A pass means zero critical failures. Any critical failure produces a fail.

PropertyValue
Commandspeed verify
Assembly functionassemble_verifier
Model tierplanning_model (Opus)
TriggerManual (runs after speed plan)
InputSourceDescription
Product specificationspecs/product/<feature>.mdThe original spec, without the Architect’s reasoning
Task plan.speed/features/<feature>/tasks/*.jsonThe Architect’s generated task DAG
Contract.speed/features/<feature>/contract.jsonThe Architect’s entity declarations
OutputLocationDescription
Verification reportStdout (JSON)Requirement coverage, critical failures, semantic drift, contract issues
  1. Core question test. Identify the product spec’s central purpose. Ask: if every task executes perfectly, can the system answer that core question? A plan that creates entities unable to answer the core question is a critical failure.

  2. Entity relationship verification. Extract every entity and relationship from the spec. For each one, verify a task creates it. Relationships like “X belongs to Y”, “X has many Y”, and “users form X” each imply specific data structures. A relationship with no corresponding task is a critical failure.

  3. Missing task detection. Trace each requirement to a task. Common gaps: a UI view with no supporting API task, a relationship with no migration task, a behavior with no business logic task, validation constraints with no enforcement task.

  4. Semantic drift detection. Check whether tasks use the same terms as the spec. If the spec says “workspace” but tasks say “group”, that is semantic drift and may indicate the Architect reinterpreted the spec’s concepts.

  5. Contract verification. For each entity type (database, file, function), verify a task creates it. Check that every core query in the contract can be satisfied by the planned entities. Verify the contract’s core queries answer the product spec’s core question. An empty entities list is a red flag.

  6. File coverage verification. If the tech spec includes a Files Changed table, cross-reference it against every task’s files_touched. A file in the RFC with no task touching it is a critical failure.

The verification pipeline runs in six phases, with an auto-fix loop that can iterate up to MAX_VERIFY_FIX_ITERATIONS times.

speed verify
├─ 1. Load spec + task plan + contract
├─ 2. Assemble verifier context
│ ├─ Product spec (ground truth)
│ ├─ All tasks with criteria, deps, files, rationale
│ ├─ Cross-cutting concerns
│ ├─ Contract as JSON
│ ├─ Spec-alignment reality check
│ └─ Decomposition quality indicators
├─ 3. Spec traceability pre-check
│ └─ Injects uncovered requirements into verifier context
├─ 4. Send to Plan Verifier agent (Opus, read-only)
├─ 5. Parse JSON + print report
└─ 6. Auto-fix loop (if status == "fail")
├─ Fix Agent edits task JSON files
├─ Re-verify after each fix round
├─ Convergence check (same failures = escalate)
└─ Human escalation for judgment calls

cmd_verify (lib/cmd/verify.sh:259-280) requires an active feature with tasks. It reads the spec file path saved during speed plan and loads the cross-cutting concerns JSON if it exists.

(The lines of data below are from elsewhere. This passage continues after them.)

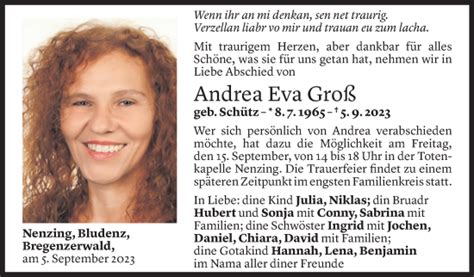 Todesanzeigen Von Andrea Eva Gro Todesanzeigen Vorarlberger Nachrichten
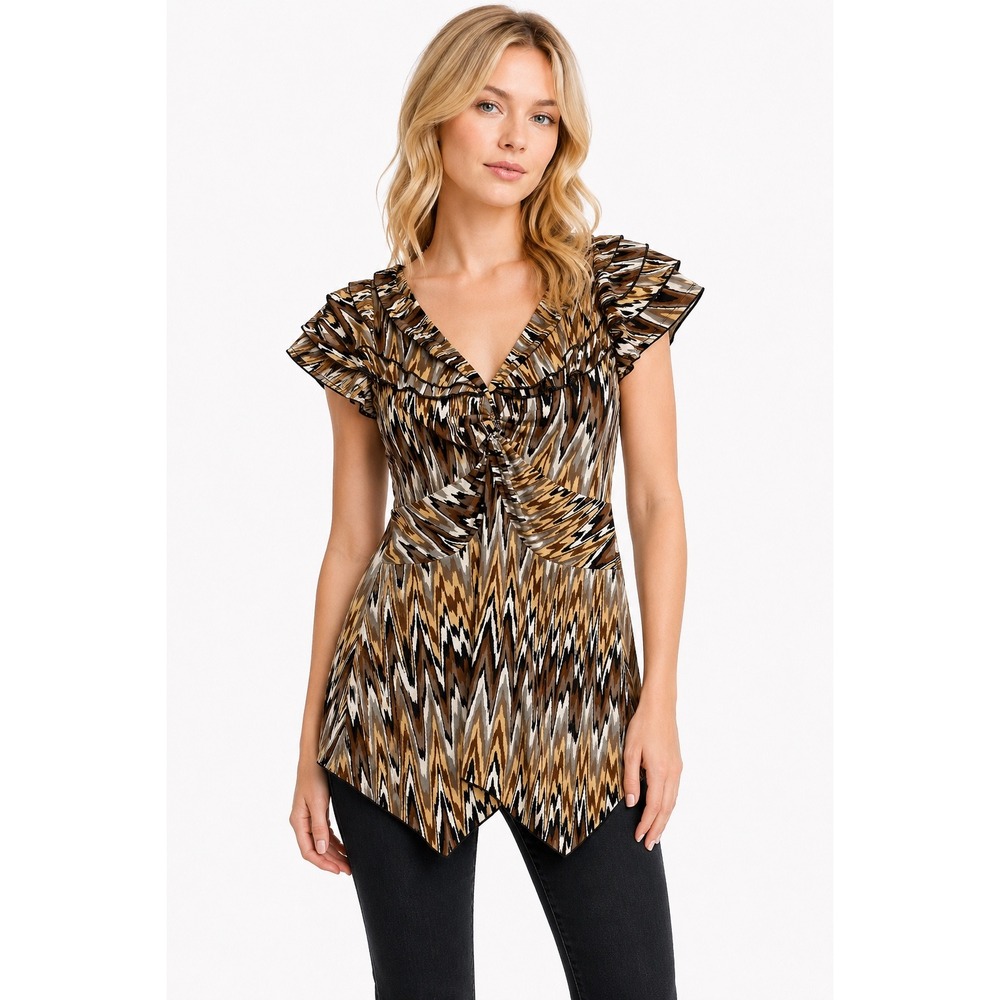Suzie Brown Artsy Twist Front Y2K Chevron-Ikat Ruffle Sleeve Blouse Women L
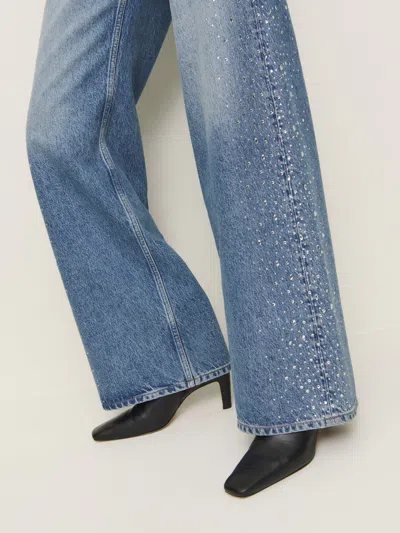 Reformation Cary High Rise Slouchy Wide Leg Jeans In Colorado Sparkle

context_assemble_verifier (lib/context/assembly.py:452-629) builds a structured prompt with a 40k token budget containing:

SectionSourcePurpose
Product specSpec fileGround truth for all requirements
Task planTask JSON filesFull task details with criteria, deps, rationale, assumptions, spec refs
Cross-cutting concernsFeature-level JSONConstraints spanning 3+ tasks
Data model contractcontract.jsonMachine-verifiable entity declarations
Codebase reality checkSpec-alignment from Layer 1Which claims are confirmed/missing/divergent
Decomposition qualityCSG + task mappingTask-to-cluster mapping, cross-task coordination points

If the Python assembly fails, lines 298-301 fall back to _build_verify_message, which concatenates tasks and contract inline.

context_spec_traceability pre-checks requirement-to-task coverage and injects any uncovered requirements into the verifier’s context (lines 303-318). The verifier sees these gaps before it begins its own analysis.

Lines 320-349 send the assembled prompt to the Plan Verifier with the planning-tier model (Opus) and read-only tools. The agent forms its own understanding of the spec before reading the plan, then checks six dimensions: core question test, entity relationships, missing tasks, semantic drift, contract verification, and file coverage.

_print_verify_report (verify.sh:4-100) formats core question status, requirement coverage, semantic drift, critical failures, and recommendations.

On fail status, lines 369-611 enter the fix loop:

  1. A Fix Agent (Sonnet, write tools) receives the verification issues + task files
  2. It edits task JSON files for mechanical fixes (adjusting thresholds, adding missing fields)
  3. Issues requiring human judgment go to needs_human instead
  4. After fixes, the Plan Verifier re-runs against the updated tasks
  5. A convergence check compares failure keys across iterations. If the same failures persist, the loop escalates to human review

A library-app plan with 5 tasks. The Architect planned a books table but missed the borrowing_limit constraint from the product spec.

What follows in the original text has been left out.